I was going to talk about task management and how the pyVmomi API works with that. But, this week was eaten up by documentation work.

If you're not aware there's a number of Python documentation styles out there. In particular the Sphinx style documentation is the most popular in the Python community at large. The problem with Sphinx documentation style is that it's rather dense to read. I plan on hosting these final products on the github project site, so that becomes part of the conversation as well.

Because GitHub does such a good job with markdown files, as part of my documentation work I prepared this markdown version of the documentation. This is a very nice looking set of docs that we can generate procedurally. It's relatively regular and it will be easy for people to edit and maintain. But markdown isn't anywhere near anyone's idea of a documentation standard for Python.

As a matter of human readability I'm very fond of the Google Python Documentation style. It has the benefit of being regular yet very human readable. The problem is it doesn't get you where you need to go 100% of the time. Many tools around Python are built assuming Sphinx style markups.

So... what to do? Plainly I've not decided. I will at minimum need the sphinx version of these documents. With the Sphinx version we should be able to enable IDEs to do code completion and other nifty tricks. But there's a fair bit of work in taking the vSphere HTML documentation and turning it into Sphinx documentation.
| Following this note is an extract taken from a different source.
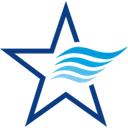SAN ANTONIO RIVER AUTHORITY logo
I'm busy with a tool to finish off conversions to either format.

I've spent the week examining various ways to document the project and how to link these up in people's IDE. I've also been looking at ways to walk people through using the library and I've been busy cataloging new enhancement directions as we move along.

The documentation work makes me very optimistic about switching to static Python classes for a future version of pyVmomi and it might even yield some interesting ways to do a new Java binding using Groovy as a dynamic language base (because Groovy and Python share a lot of language features.)

I've had to drop off here at week's end with about 80% of the solution in hand for the documents.